Scaling in Scrum
The version of the PSPO I exam that I took, and didn't pass (yet), asked more than one question about how to split people into different Scrum Teams. That's scaling right? The thing is, I didn't a CTRL-find in the Scrum Guide for scale and scaling with zero results. So, what does the Scrum Guide teach us about to make several Scrum Teams? I don't think I got those questions correct and would like to learn before I take the exam again.
That should say "I did a CTRL-find..."
how to split people into different Scrum Teams. That's scaling right?
They should be encouraged to self-organize into Scrum Teams, each of which is sufficiently cross-functional to deliver feature-complete increments of release quality. When this is done well, it reduces the need to scale, in so far as there should be little work to integrate across teams.
Splitting is not necessarily scaling. In my experiences, scaling refers to more than two teams. For example, Scrum is most effective when you have a Development Team of at least three individuals. The Scrum structures are designed to coordinate the activities for this number of people or more and tend to be more overhead than necessary for an individual or two people working together. Likewise, coordinating the work between two teams is relatively straightforward, but becomes more complicated with 3, 4, and more teams.
If you need to split a team, consider that the Scrum Guide says that a Development Team is self-organizing. This would allow the Development Team to decide when and how to split itself. Since a Product Owner is aligned with the product and its associated Product Backlog, there's no need to split. Likewise, there's only one Scrum Master, so it would not be a decision to split the Scrum Master but if to split the time or find a second Scrum Master.
@Thomas I have heard of a company that has multiple Agile Teams and therefore multiple of everyone, including the Scrum Master and Product Owner.
You said that the Scrum Guide says that the Development Team is self-organizing. While that's true, it also says that the Scrum Team is self-organizing, so is it wrong that the Scrum Master would be the one that splits the staff into separate Development Teams as needed?
I have looked at your test and the questions on scaling are about self organization, how the Scrum Team creates itself which is pure Scrum, not scaling as it would apply to having a group of 10 people deciding if they were 1 team or 2 on their own and what self-organization is about. The other thing I see is right out of the Scrum Guide where it asks about how many Product Owners if you have 1 product and multiple teams. As per the Scrum Guide 1 PO per Product, not team.
These are pure Scrum Theory questions and not based on scaling as others above have stated. Only 1 question that you had wrong was in any way related to the above topics. I hope this helps.

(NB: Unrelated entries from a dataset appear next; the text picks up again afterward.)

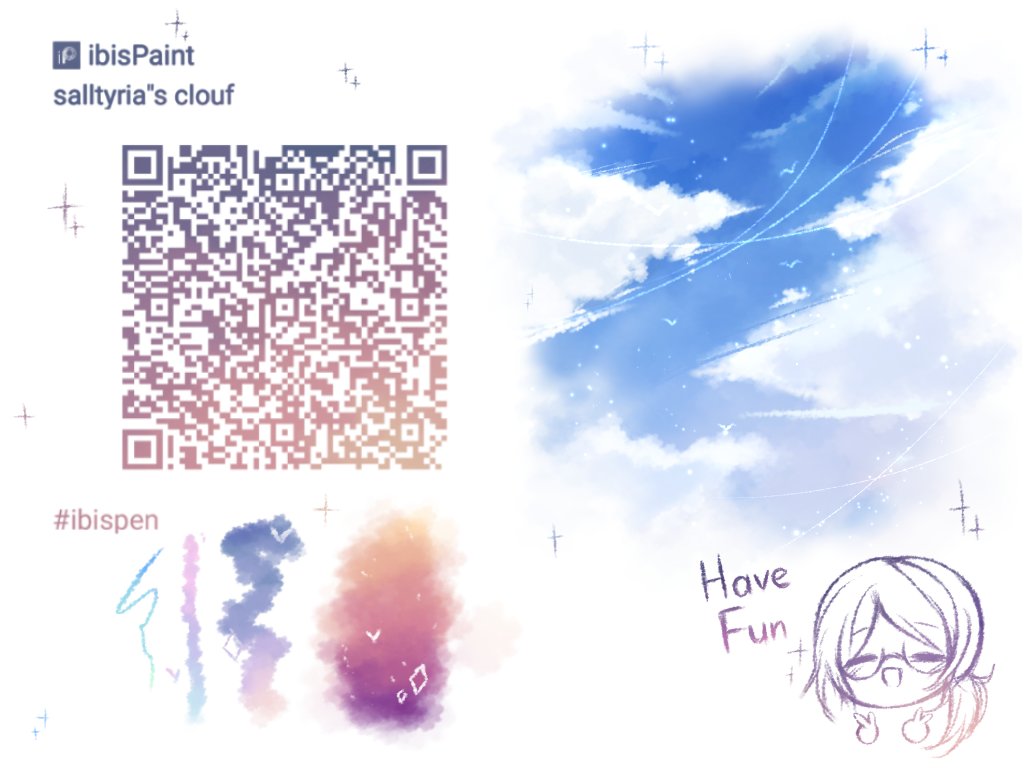 sallyria_'s tweet photo. #ibispaintx #ibispen 
Sharing my cloud brush here✨ https://t.co/wGYpntjVJv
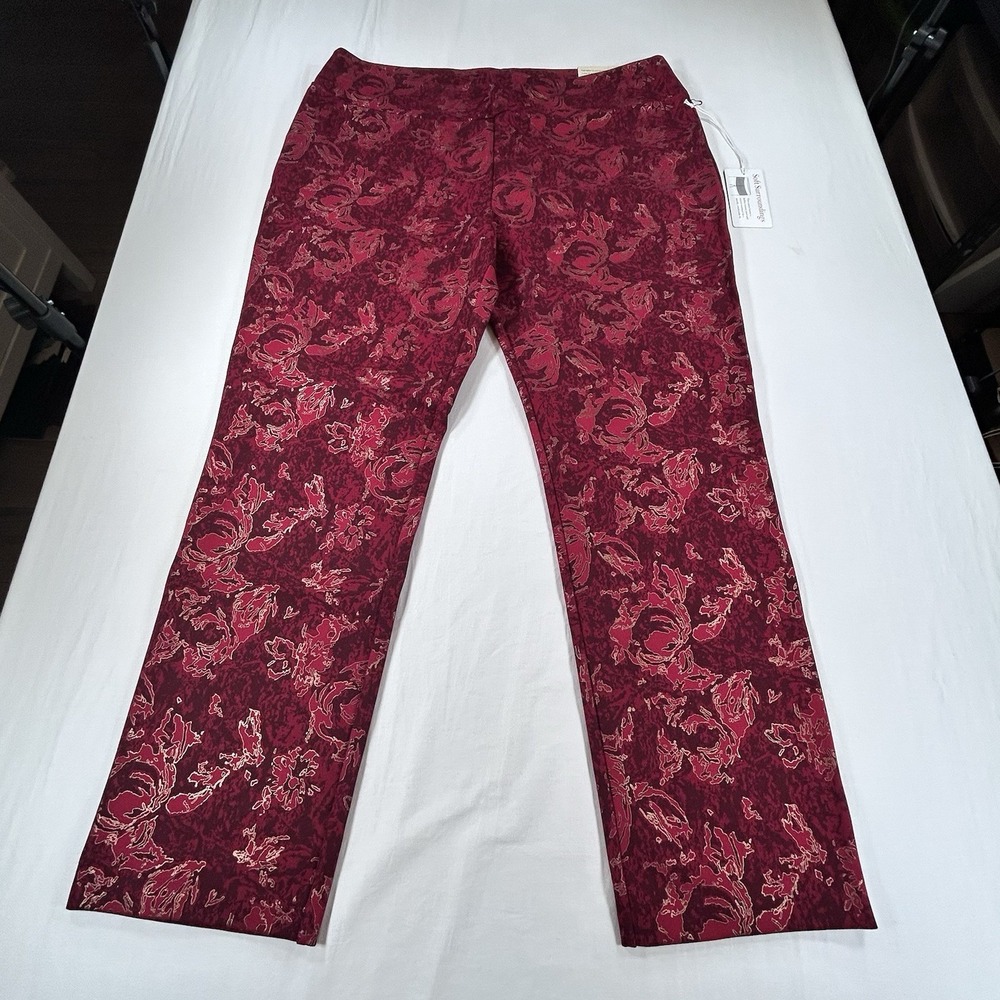 NEW Soft Surroundings Ankle Pants Women 1XL 18W 20W Red Floral Straight Pullon
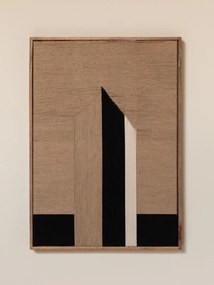 Tablou de perete din lemn de mango și iută naturală, H107 cm, "Arrow"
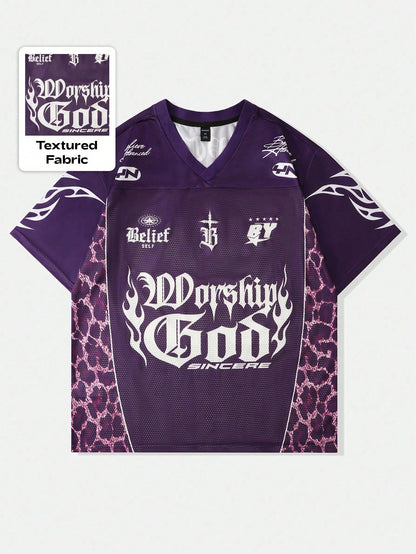 Purple Slogan Print V-Neck Jersey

While that's true, it also says that the Scrum Team is self-organizing, so is it wrong that the Scrum Master would be the one that splits the staff into separate Development Teams as needed?
This would mean that the Scrum Team has a directing member who points out people who go to which team. A Scrum Master guides, facilitates, coaches, teaches, actively does nothing and collaborates. Directing is not one of those things.